I’d guess that Elon Musk, Donald Trump, and Mark Zuckerberg—people with unprecedented power over societal interaction—aren’t reading this essay in droves. We are: we who are already scrambling to shore up the emotional, mental, and moral health of our miserable kids and neighbors. Teachers who supplement academics with lessons on collaboration and respect. Childcare workers who guide four-year-olds in sharing and self-control. Therapists who help trans teenagers treat themselves and others with dignity when very few others do. Parents explaining to our sons why grabbing women by the pussy might make you powerful but doesn’t make you right.
* * *
Several years ago my book club read a guide to using technology well in families. It was written by a man who, bless his heart, suggested that instead of parking toddlers in front of Sesame Street or whatever for thirty minutes while you make dinner and breathe, you should LET THE TODDLERS FINGER-PAINT. Unattended in the other room. While you cook things, with your hands, which means those hands are far from the toddlers, who are, let's recall, FINGER-PAINTING.
On the night we discussed the book, each of us—parents one and all—barreled through the door and bellowed “HE LOST ME AT THE FINGER-PAINTING.”

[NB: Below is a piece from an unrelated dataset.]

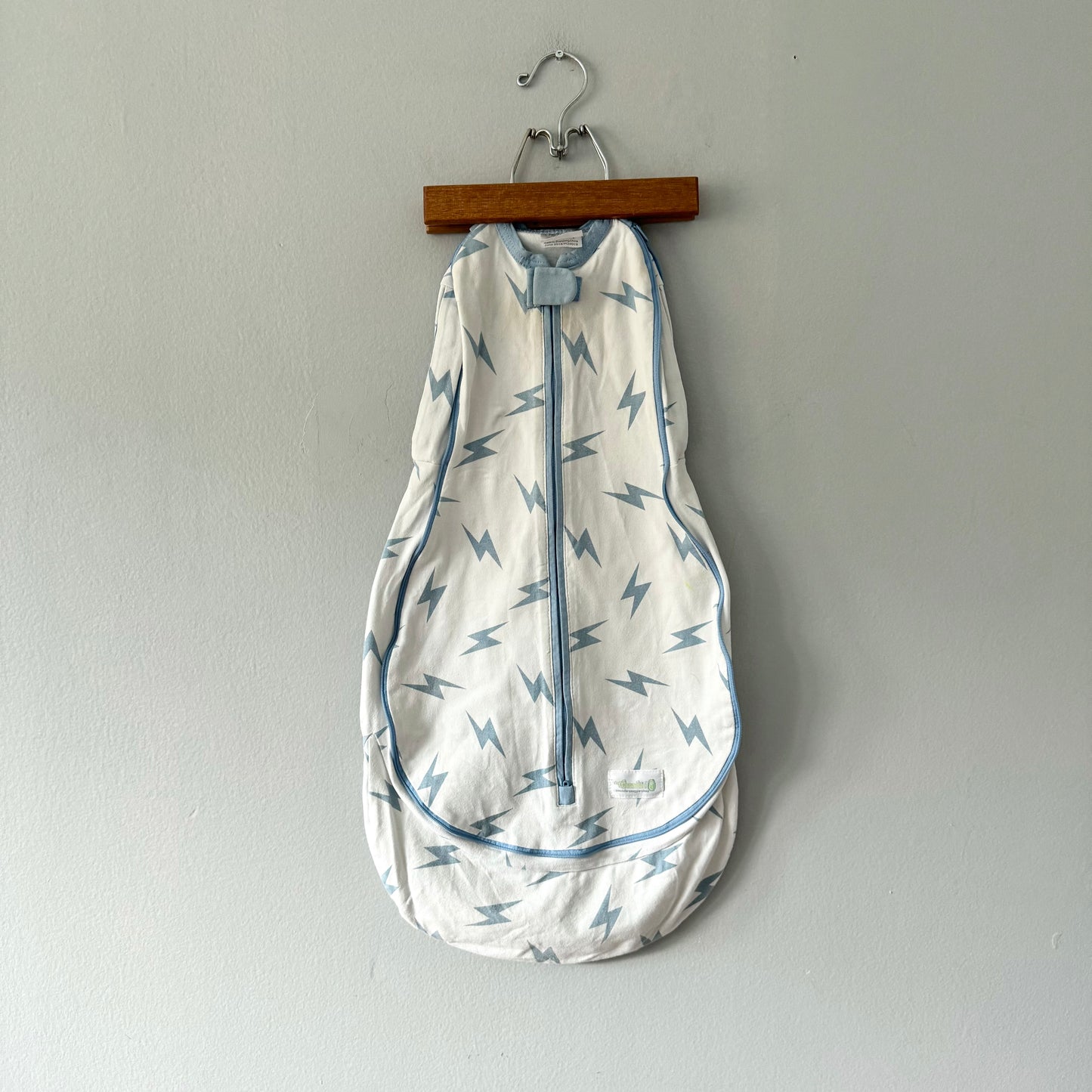 Woombie / White x blue lightning swaddle / 0-18M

Listen. We muscled through that book because we sincerely wanted thoughtful guidance. I assume Brooks’s piece is getting attention for the same reason. Everyone I know is constantly seeking new insights for both being and raising people who prioritize robust goodness and kindness and generosity.
You know, morality.
A lot of us are extremely susceptible to any social commentary whose conclusion is “we’re all being bad and should try harder to be good.” In my case, it scratches the itches of both of my fundamentalisms: the conservative evangelical (we’re bad) and the progressive liberal (we should try harder). It feels right because it hurts, feels like “tough love,” whatever the hell that is. It reminds me of my depravity, suggests—as though it’s something I may not have considered before!!!—that if I just cared more and parented better, everything would be fine.
This is exhausting. We need help: not in the form of “social-skills classes” or Ted Lasso platitudes, and definitely not in fairy tales about how moral America was in the 30s. We need powerful people to be good and do good and publicly reward goodness.

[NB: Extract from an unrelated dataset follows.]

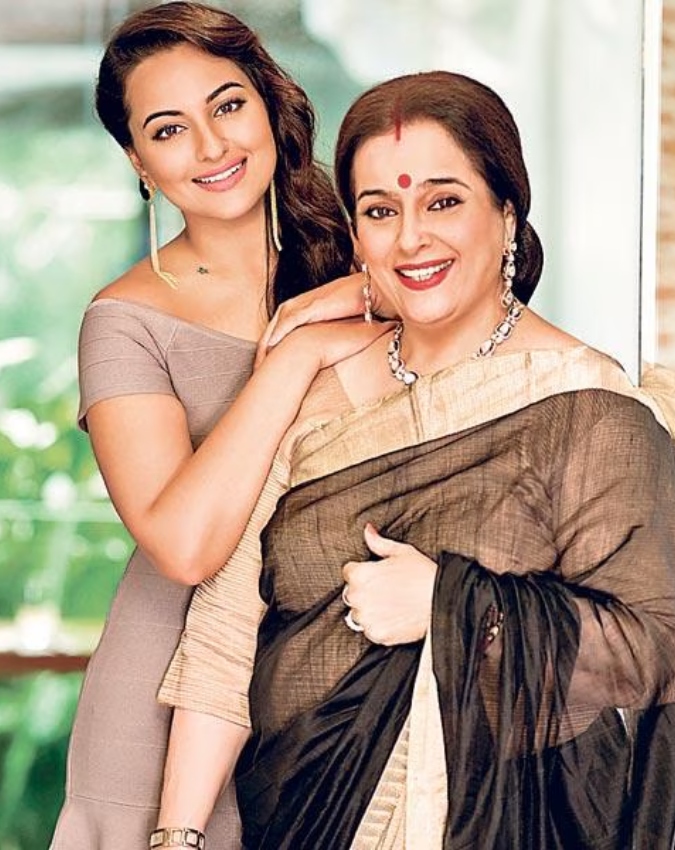 Sonakshi Sinha zaheer Khan- Poonam Sinha-1-2-3-4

So! As the new school year starts, and all of us teachers and parents and counselors and youth leaders gear up for another round of Moral Formation in Donald Trump’s America, let’s—you and I—not entertain David Brooks’s finger-painting recommendations. Let’s assume that the people he’s lecturing about large-scale cultural morality are the ones…with power to enforce large-scale cultural morality.
And then let’s hold him, and them, accountable to do just that.